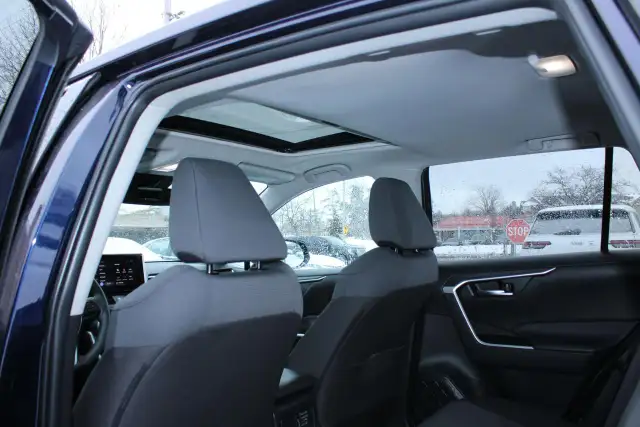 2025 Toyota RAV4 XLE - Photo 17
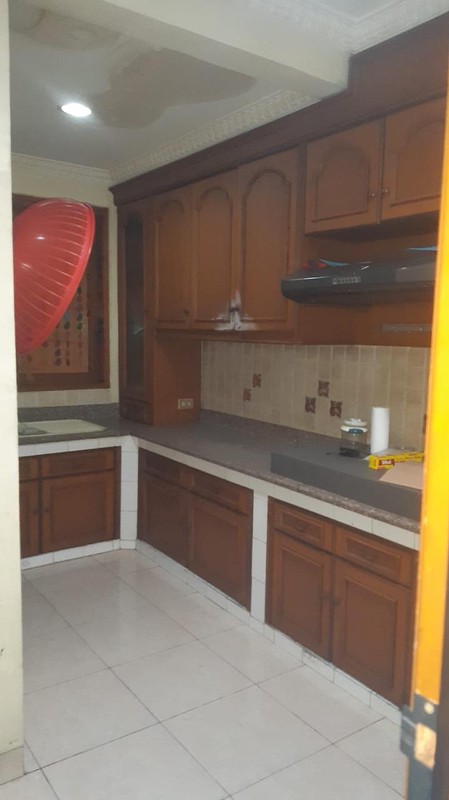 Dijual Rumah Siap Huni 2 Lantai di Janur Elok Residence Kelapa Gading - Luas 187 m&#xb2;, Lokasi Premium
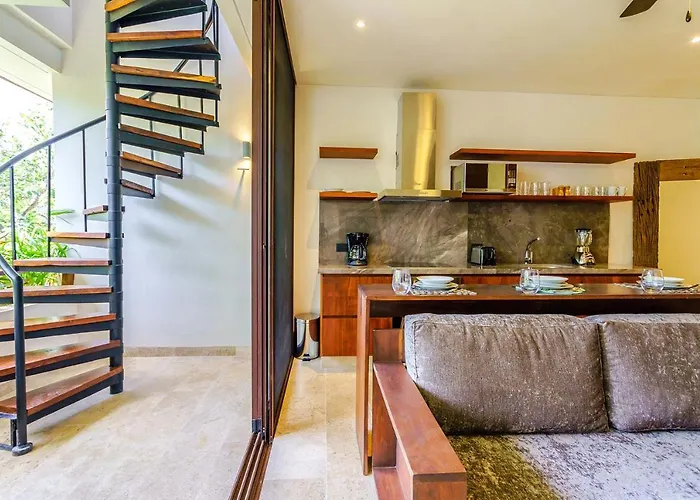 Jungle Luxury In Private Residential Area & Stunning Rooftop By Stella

§ **Exercise requirements**
Each line of the listing above should be retyped exactly, with no pictures.

§ **The answer**
 2025 Toyota RAV4 XLE - Photo 17
 Dijual Rumah Siap Huni 2 Lantai di Janur Elok Residence Kelapa Gading - Luas 187 m&#xb2;, Lokasi Premium
 Jungle Luxury In Private Residential Area & Stunning Rooftop By Stella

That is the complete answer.